◆ **Records for this task**:
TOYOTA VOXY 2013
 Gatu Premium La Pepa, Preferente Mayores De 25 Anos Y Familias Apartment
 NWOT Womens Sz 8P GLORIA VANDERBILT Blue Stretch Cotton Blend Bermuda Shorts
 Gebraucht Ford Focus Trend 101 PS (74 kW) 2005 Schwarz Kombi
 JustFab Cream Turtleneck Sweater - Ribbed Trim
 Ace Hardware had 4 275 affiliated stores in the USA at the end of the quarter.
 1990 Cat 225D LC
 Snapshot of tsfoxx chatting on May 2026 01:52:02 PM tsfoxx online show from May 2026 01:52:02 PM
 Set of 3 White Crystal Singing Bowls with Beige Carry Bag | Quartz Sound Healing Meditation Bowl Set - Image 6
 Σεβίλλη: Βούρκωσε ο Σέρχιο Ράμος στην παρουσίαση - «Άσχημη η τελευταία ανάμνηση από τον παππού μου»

◆ **Requirement**: The line with "Gatu Premium La" through the last line of the entries above: output exactly those lines and nothing else.

◆ **Result of this exercise**:
 Gatu Premium La Pepa, Preferente Mayores De 25 Anos Y Familias Apartment
 NWOT Womens Sz 8P GLORIA VANDERBILT Blue Stretch Cotton Blend Bermuda Shorts
 Gebraucht Ford Focus Trend 101 PS (74 kW) 2005 Schwarz Kombi
 JustFab Cream Turtleneck Sweater - Ribbed Trim
 Ace Hardware had 4 275 affiliated stores in the USA at the end of the quarter.
 1990 Cat 225D LC
 Snapshot of tsfoxx chatting on May 2026 01:52:02 PM tsfoxx online show from May 2026 01:52:02 PM
 Set of 3 White Crystal Singing Bowls with Beige Carry Bag | Quartz Sound Healing Meditation Bowl Set - Image 6
 Σεβίλλη: Βούρκωσε ο Σέρχιο Ράμος στην παρουσίαση - «Άσχημη η τελευταία ανάμνηση από τον παππού μου»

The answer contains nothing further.